My father died in 2004, and he left his house to me and my niece. My cousin has lived in the house since 2004, and I have lived in Pittsburgh, making yearly trips to the farm to visit. Recently my niece has decided to sell the house and 5 acres of land. I haven’t ever seen the a Will, but my father told me before he died that the house would be left to me and my niece, and that neither of us were to sell it. If she plans on selling the house, she must be on the deed. What can I do to prevent her from selling our family’s farm?

Asked on June 18, 2011 under Estate Planning, Pennsylvania

Answers:

M.D., Member, California and New York Bar / FreeAdvice Contributing Attorney

Answered 10 years ago | Contributor

First of all you need to get a copy of the Will. You have to find out just what you actually inherited. Were you gifted the house outright? Or we you given a "life estate" so the you may possess and use the property during your respective lifetimes, but cannot sell or otherwise transfer the property (and after death the property passes to a "remainderman")? Or was the property placed in a trust? Or was there another legal vehicle used? Again, you need to see the Will. To get a copy you can ask your family if someone has one or you can get a copy from the probate court in which the case was heard.

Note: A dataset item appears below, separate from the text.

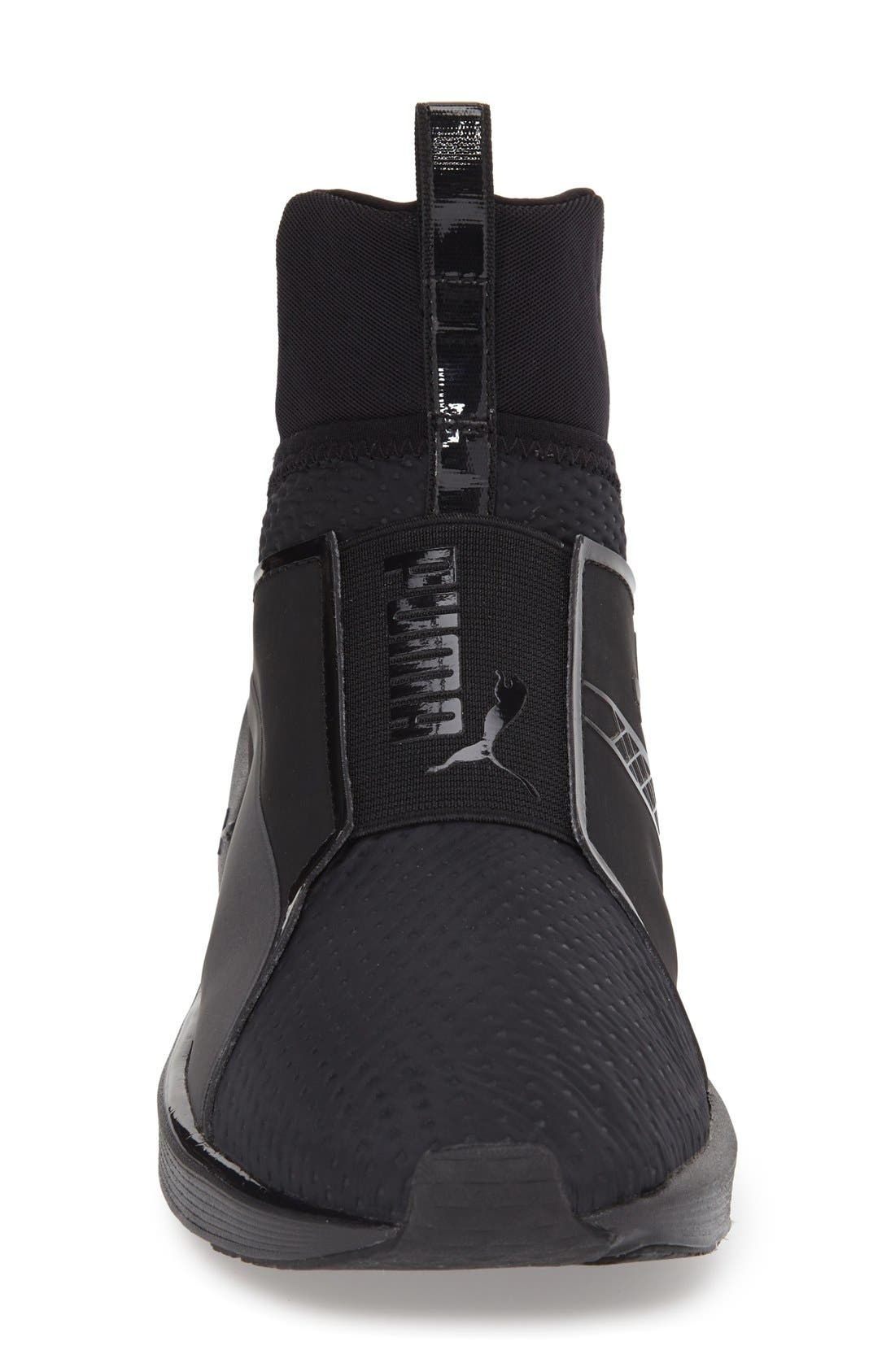PUMA FENTY PUMA by Rihanna Fierce High Top Sneaker, Alternate, color,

If you inherited the property outright, then your niece can sell the property. The reason is that when 2 co-owners cannot agree as the whether or not to sell property, the party in favor of the sale can go to court and file an action for "partition". This is a legal remedy which allows for the division of property among co-owners if the property can be physically divided.  However, where division would be impracticable (as in the instance of a single family house) a court would order a sale in lieu of partition and an equitable division of the proceeds among the co-owners.  However, before doing so, a judge would permit one co-owner to purchase the interest of the remaining co-owner at fair market value.

At this point you should consult directly with a real estate attorney in your area.